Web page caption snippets

▼▼▼

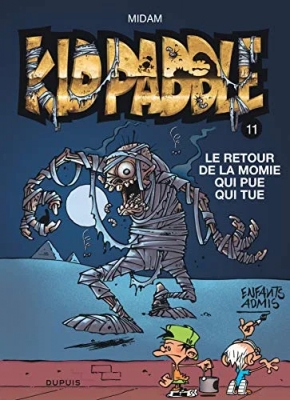 Kid Paddle - Tome 11 - Le retour de la momie qui pue qui tue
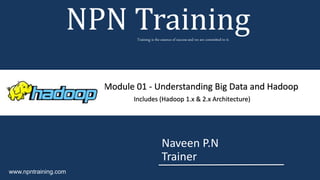 Naveen P.N
Trainer
NPN TrainingTraining is the essence of success and we are committed to it.
www.npntraining.com
Module 01 - Understanding Big Data and Hadoop
Includes (Hadoop 1.x & 2.x Architecture)
 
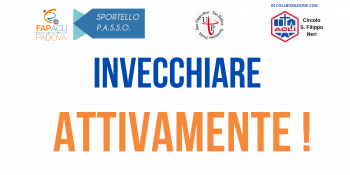 INVECCHIARE ATTIVAMENTE! INVECCHIARE ATTIVAMENTE!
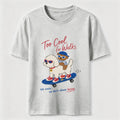 Too Cool For Walks Classic T-Shirt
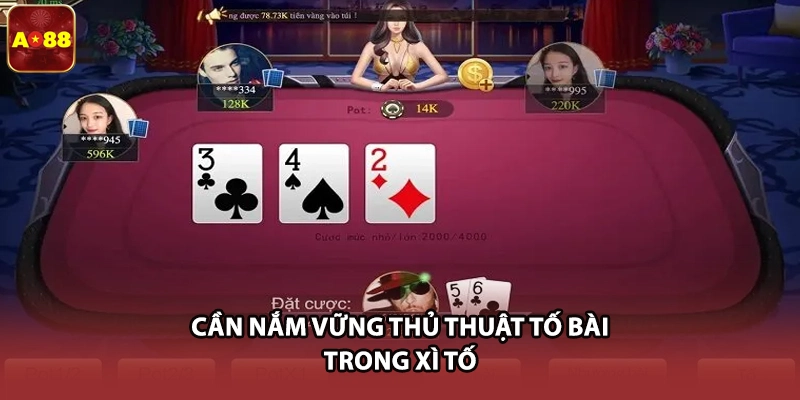 Cần nắm vững thủ thuật tố bài trong Xì Tố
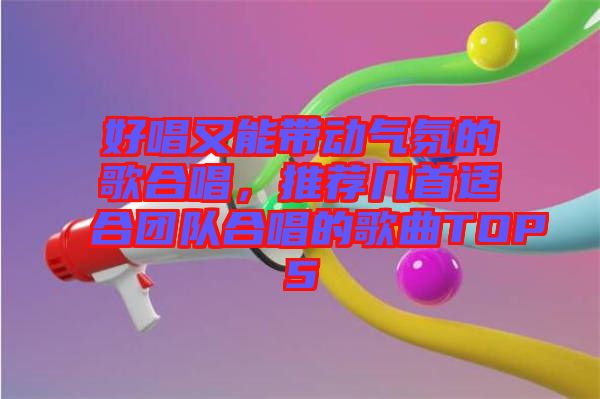 好唱又能帶動氣氛的歌合唱，推薦幾首適合團隊合唱的歌曲TOP5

▲▲▲

## PROBLEM REQUIREMENTS
Only the number of lines in the data that hold "Hadoop" should be stated.

## ANSWER SPACE
2